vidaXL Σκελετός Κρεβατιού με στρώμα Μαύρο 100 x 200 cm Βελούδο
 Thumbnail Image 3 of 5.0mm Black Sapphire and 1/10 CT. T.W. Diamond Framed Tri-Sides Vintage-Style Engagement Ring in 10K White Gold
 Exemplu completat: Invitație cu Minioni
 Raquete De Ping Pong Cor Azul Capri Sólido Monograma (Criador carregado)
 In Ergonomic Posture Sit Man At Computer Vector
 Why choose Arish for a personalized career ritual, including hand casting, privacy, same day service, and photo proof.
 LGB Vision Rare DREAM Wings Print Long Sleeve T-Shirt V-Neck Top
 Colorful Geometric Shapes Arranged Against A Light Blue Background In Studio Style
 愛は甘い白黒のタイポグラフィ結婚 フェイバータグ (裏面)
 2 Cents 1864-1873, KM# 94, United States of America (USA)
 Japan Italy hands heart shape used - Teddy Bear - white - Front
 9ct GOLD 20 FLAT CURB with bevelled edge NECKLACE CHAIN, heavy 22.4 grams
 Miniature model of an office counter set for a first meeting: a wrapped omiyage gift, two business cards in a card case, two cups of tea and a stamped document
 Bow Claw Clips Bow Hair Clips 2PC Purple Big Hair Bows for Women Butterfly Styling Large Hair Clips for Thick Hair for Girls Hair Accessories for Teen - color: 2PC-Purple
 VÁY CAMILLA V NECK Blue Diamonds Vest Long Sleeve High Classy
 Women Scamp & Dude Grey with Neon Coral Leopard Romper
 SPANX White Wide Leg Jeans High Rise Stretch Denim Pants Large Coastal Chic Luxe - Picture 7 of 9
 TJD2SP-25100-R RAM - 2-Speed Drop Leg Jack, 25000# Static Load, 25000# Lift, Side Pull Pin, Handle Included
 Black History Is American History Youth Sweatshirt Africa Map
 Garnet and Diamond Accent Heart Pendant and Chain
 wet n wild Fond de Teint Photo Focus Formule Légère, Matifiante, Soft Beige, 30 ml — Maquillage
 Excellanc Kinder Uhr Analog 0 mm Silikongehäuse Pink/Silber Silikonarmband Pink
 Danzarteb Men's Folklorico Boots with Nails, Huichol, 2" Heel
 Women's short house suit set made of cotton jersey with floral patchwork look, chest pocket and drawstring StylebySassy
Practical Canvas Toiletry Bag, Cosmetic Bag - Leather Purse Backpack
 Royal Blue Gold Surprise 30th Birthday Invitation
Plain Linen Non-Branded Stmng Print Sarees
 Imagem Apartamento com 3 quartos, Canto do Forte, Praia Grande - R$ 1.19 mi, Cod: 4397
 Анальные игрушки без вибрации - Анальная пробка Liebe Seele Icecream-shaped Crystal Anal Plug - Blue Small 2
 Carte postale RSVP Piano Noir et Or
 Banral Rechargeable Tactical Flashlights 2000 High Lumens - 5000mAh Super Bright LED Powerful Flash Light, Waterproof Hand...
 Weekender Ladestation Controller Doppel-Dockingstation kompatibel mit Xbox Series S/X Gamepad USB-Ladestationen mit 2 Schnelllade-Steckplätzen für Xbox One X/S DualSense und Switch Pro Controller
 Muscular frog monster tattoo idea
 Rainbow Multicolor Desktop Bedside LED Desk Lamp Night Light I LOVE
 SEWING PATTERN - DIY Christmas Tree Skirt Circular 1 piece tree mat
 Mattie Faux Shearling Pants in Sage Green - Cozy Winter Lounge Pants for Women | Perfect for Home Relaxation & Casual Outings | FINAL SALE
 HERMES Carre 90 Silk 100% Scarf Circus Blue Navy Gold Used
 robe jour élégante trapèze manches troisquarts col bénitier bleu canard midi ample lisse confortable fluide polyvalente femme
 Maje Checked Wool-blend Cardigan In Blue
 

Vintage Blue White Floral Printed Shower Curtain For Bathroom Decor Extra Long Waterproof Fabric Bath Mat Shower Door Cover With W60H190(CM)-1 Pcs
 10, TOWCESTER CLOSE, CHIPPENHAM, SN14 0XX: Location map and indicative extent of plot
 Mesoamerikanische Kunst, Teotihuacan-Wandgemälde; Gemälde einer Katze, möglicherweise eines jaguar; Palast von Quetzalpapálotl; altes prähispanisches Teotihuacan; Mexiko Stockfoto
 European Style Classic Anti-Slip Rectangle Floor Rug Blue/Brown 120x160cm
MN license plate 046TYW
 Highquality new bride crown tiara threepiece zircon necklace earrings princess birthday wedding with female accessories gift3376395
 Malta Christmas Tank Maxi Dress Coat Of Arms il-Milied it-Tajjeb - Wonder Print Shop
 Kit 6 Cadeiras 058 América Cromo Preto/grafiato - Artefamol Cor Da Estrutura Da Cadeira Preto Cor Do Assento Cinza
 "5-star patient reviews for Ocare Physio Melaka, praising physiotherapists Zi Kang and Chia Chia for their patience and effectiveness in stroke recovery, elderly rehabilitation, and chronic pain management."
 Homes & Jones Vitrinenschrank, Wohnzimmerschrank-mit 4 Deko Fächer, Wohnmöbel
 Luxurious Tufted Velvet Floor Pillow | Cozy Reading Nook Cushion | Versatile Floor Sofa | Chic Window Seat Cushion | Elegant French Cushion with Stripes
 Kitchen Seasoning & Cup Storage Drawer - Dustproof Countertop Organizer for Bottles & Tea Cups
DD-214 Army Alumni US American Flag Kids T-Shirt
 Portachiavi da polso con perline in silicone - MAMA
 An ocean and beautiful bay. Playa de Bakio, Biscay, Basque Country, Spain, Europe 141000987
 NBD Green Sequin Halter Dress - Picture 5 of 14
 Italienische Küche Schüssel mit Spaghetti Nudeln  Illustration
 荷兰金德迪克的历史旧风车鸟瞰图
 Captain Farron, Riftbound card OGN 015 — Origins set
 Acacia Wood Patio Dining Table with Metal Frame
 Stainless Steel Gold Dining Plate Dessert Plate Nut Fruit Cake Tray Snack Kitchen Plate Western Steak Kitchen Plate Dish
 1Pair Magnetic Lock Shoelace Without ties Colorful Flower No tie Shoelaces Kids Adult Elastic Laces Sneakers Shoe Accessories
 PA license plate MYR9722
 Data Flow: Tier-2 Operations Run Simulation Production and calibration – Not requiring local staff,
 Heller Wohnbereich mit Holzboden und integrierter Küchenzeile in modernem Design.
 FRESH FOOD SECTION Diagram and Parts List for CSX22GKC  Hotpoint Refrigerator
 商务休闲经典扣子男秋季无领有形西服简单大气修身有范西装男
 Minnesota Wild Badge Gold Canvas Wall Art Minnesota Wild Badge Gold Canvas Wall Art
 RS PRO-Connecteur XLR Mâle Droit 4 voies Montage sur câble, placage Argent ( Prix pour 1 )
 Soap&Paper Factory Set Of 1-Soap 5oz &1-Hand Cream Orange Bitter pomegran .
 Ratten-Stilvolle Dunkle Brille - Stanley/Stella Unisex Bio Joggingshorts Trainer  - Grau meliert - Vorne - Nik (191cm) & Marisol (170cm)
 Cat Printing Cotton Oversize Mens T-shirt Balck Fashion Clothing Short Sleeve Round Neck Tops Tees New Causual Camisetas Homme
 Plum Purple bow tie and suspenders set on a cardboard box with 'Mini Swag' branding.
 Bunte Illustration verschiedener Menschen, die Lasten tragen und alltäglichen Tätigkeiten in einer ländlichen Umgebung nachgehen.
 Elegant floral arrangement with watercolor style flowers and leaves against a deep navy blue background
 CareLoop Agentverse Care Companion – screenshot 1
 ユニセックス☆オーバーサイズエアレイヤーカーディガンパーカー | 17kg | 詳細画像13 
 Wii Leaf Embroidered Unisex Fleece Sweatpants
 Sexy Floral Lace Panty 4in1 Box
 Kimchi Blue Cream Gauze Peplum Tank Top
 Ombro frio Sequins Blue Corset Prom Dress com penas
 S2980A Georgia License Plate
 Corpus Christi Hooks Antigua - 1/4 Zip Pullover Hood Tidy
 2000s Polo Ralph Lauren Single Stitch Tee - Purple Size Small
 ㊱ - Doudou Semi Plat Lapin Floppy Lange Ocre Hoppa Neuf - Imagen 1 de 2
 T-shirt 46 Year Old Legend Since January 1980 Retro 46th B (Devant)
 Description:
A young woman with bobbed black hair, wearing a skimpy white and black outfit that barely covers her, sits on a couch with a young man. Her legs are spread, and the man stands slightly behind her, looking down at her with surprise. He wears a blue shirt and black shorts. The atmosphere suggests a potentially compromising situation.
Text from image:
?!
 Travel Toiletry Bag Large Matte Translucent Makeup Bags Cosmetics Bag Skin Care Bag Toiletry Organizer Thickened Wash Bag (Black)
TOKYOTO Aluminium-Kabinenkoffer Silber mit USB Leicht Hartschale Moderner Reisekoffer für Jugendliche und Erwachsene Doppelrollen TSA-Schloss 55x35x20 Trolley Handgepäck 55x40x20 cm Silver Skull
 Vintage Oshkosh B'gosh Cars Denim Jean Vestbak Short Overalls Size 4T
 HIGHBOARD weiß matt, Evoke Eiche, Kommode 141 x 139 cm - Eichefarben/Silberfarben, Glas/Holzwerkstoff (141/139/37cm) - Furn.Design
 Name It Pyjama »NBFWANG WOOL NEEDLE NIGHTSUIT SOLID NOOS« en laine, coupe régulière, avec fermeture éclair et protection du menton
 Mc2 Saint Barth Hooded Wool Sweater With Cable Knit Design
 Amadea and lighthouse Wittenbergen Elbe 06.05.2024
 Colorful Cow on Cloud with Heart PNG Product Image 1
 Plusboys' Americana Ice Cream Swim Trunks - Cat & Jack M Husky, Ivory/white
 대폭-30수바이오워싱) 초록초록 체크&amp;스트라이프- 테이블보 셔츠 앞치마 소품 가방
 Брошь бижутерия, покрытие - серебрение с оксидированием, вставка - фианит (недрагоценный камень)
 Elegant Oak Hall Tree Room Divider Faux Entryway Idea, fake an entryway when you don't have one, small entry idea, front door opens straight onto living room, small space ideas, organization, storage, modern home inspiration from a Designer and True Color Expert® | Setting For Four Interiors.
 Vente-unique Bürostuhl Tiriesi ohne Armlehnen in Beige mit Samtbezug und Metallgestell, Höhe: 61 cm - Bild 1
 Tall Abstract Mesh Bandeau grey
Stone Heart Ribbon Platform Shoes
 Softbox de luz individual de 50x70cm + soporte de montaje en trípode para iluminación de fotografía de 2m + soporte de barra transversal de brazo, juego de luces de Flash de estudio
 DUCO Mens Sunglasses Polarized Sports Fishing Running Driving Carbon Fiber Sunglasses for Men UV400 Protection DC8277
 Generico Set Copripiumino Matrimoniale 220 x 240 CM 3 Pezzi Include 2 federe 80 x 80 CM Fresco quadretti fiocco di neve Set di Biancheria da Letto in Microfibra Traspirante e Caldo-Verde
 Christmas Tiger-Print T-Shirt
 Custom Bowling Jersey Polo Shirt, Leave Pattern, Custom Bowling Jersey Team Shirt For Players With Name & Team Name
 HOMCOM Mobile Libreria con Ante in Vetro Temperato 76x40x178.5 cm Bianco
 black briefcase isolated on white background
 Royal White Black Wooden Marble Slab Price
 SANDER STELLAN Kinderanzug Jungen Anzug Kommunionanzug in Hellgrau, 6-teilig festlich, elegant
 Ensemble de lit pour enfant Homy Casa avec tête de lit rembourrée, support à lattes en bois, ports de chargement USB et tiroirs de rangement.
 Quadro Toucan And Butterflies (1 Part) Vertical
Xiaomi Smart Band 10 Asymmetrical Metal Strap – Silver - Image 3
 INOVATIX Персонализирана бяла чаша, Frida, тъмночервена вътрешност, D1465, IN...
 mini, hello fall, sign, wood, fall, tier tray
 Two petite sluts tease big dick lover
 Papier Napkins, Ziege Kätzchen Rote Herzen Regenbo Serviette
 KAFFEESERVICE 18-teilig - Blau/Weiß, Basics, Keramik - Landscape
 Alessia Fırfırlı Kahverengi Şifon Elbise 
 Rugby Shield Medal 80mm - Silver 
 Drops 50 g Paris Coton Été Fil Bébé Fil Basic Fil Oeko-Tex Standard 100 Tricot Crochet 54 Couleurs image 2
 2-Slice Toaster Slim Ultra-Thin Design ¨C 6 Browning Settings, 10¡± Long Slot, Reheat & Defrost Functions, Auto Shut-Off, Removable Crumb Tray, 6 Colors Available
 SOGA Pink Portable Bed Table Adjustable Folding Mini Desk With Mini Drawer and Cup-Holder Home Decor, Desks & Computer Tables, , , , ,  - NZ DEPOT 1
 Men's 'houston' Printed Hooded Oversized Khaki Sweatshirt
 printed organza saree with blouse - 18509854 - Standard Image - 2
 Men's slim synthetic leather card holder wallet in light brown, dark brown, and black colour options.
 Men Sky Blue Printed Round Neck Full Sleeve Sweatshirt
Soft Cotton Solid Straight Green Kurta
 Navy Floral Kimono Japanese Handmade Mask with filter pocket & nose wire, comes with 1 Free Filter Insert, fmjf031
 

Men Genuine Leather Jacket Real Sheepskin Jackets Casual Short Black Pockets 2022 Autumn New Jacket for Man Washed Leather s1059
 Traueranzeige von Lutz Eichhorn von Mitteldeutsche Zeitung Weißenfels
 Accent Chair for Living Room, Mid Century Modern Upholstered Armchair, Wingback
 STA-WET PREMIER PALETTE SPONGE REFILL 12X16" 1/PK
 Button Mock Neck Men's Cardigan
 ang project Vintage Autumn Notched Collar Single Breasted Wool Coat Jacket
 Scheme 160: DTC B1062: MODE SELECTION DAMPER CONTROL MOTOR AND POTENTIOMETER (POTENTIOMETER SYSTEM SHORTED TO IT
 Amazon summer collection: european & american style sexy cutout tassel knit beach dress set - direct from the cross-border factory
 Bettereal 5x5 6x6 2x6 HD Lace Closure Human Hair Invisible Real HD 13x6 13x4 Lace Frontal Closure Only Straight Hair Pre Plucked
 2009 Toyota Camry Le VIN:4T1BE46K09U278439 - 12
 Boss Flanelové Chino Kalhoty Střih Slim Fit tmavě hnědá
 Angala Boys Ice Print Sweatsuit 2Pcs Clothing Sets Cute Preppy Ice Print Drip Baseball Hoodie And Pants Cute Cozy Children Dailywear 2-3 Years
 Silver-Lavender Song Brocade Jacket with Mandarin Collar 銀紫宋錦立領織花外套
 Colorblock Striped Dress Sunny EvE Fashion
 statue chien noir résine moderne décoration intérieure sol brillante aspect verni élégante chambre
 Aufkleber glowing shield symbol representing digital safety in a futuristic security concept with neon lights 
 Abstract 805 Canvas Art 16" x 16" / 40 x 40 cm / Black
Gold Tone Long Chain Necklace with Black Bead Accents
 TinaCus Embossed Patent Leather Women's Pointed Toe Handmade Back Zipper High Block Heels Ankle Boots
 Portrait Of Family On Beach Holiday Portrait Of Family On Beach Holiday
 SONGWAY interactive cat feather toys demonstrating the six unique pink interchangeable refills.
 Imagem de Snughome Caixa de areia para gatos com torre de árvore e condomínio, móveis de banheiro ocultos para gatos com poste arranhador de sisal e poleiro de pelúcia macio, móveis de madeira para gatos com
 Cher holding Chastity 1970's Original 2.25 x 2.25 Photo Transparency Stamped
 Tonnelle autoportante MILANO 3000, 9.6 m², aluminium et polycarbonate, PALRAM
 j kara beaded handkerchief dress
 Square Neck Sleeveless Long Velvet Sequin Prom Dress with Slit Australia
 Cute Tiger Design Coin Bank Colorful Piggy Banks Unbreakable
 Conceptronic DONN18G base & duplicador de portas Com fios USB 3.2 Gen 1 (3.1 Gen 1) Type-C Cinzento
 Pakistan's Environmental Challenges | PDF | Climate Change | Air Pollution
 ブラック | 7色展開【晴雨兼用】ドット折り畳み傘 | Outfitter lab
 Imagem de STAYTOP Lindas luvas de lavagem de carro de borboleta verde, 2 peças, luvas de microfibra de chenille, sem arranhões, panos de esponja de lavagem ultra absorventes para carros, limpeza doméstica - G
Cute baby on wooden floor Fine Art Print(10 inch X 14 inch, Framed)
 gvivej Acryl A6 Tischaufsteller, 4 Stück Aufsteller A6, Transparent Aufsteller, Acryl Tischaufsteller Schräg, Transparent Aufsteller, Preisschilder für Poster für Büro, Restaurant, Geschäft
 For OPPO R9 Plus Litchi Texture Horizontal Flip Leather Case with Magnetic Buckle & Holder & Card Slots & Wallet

- **Work instructions**:
Retype only this portion of the data above: the line containing "Excellanc Kinder Uhr", the line containing "Анальные игрушки без", and all lines between them, exactly.

- **Response**:
 Excellanc Kinder Uhr Analog 0 mm Silikongehäuse Pink/Silber Silikonarmband Pink
 Danzarteb Men's Folklorico Boots with Nails, Huichol, 2" Heel
 Women's short house suit set made of cotton jersey with floral patchwork look, chest pocket and drawstring StylebySassy
Practical Canvas Toiletry Bag, Cosmetic Bag - Leather Purse Backpack
 Royal Blue Gold Surprise 30th Birthday Invitation
Plain Linen Non-Branded Stmng Print Sarees
 Imagem Apartamento com 3 quartos, Canto do Forte, Praia Grande - R$ 1.19 mi, Cod: 4397
 Анальные игрушки без вибрации - Анальная пробка Liebe Seele Icecream-shaped Crystal Anal Plug - Blue Small 2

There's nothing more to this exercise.